El Papa Ratzinger, y con él la Iglesia Católica, abrumado por el chorro de denuncias de abusos a menores en centros católicos por parte de sacerdotes, afirma: "no me intimidarán las habladurías", señal inequívoca de que se siente intimidado por algo sustancialmente más consistente que habladurías; también dice: "Quien esté libre de pecado que tire la primera piedra". Benedicto XVI ha recurrido a la cita evangélica para quitar lastre a un asunto que al Vaticano se le está yendo rápidamente de las manos. La mención del Evangelio se le puede volver en contra al Papa, porque cualquiera puede recordarle otra sentencia de Jesús, contundente y explícita: "Ay de quien escandalizare a uno de estos pequeñuelos; más le valdría atarse una piedra de molino al cuello y arrojarse al mar". La jerarquía católica muchas veces y por mucho tiempo no ha hecho el menor caso a quien considera su creador, sino que ha optado por el silencio y, eso sí, por no arrojar la primera piedra. No ha condenado a los suyos, casi los ha disculpado al darles cobijo y protegerlos del escándalo. La Iglesia Católica ha seguido a rajatabla el principio de "a los míos con razón o sin ella". El resultado es dramático: un escándalo que emerge incontenible ante la impotencia de Benedicto XVI, también concernido por la despreciable ley del silencio que ha imperado hasta hoy.

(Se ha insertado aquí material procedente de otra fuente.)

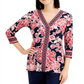 JM Collection Women's Oasis Embellished Mixed Print Top Red Size Small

No dudo que el Papa está conmovido por lo que se va sabiendo, pero de sus actuaciones se puede percibir una sospecha inquietante: ¿no estarán las autoridades vaticanas intentando que el escándalo se diluya porque temen por su Iglesia? Es decir: ¿no anteponen los intereses de la Iglesia Católica por encima de los de los agraviados? Lo digo nítidamente: la sospecha creciente es que para los jefes de la Iglesia ésta se ha convertido en un fin en sí misma, quedando relegado a una posición subordinada lo esencial: el contenido de los Evangelios. Está sospecha es letal en nuestro tiempo, ya que difícilmente una organización como la que está centralizada en el Vaticano, se puede sustraer a la sanción de la gente. Por más de un milenio la Iglesia ha podido capear todo lo que le ha caído, al haber hecho del secreto y del misterio su mejor escudo. Hoy, ya no es posible. Los últimos papas, en especial Juan Pablo II, así lo entendieron. Sucede que lo que sirve para adoctrinar también, llegado el caso, deja de hacerlo y aniquila. Estar expuesto al mundo, y es la situación en la que ahora se encuentra la Iglesia Católica, tiene el enorme peligro de que el sepulcro blanqueado, otra cita del crucificado, es observado por la mayoría. Los legionarios de Cristo son un ejemplo: han tenido que repudiar públicamente a su fundador, el sacerdote mejicano Maciel, pederasta reconocido y padre de casi una familia numerosa, al que sorprendentemente en el Vaticano únicamente condenaron a un discreto silencio, después de haber gozado de la estima del antecesor de Ratzinger, pese a las reiteradas denuncias que llegaban a la curia, sistemáticamente desechadas.

El cardenal Martini, que pudo haber sido Papa cuando salió Ratzinger, es de los pocos que habla sin temor de los males que están cuarteando a la Iglesia. El cardenal, ya retirado, ha sido la esperanza de los que siempre han deseado una Iglesia Católica nueva, distinta a la que tenemos, abierta, un poco menos obsesionada por prohibirlo casi todo, empezando por el sexo, aunque no repare en lo que acontece en su seno. Está en absoluta minoría. Lo que hay es una Iglesia dirigida por Benedicto XVI, un intelectual de categoría; a lo que se ve incapaz, a sus casi 83 años, de cambiar casi nada. Tal vez, si el Papa mirara hacia atrás y observara al ya lejano adolescente Ratzinger, forzado contra su voluntad a alistarse en las Juventudes Hitlerianas, entendería la urgencia de que se abran de par en par las ventanas para que entre, con las fuerza necesaria, el aire fresco que cinco décadas antes demandaba un magnífico predecesor del Papa Benedicto: Angelo Roncalli, el breve pero gran Papa del siglo XX, Juan XXIII.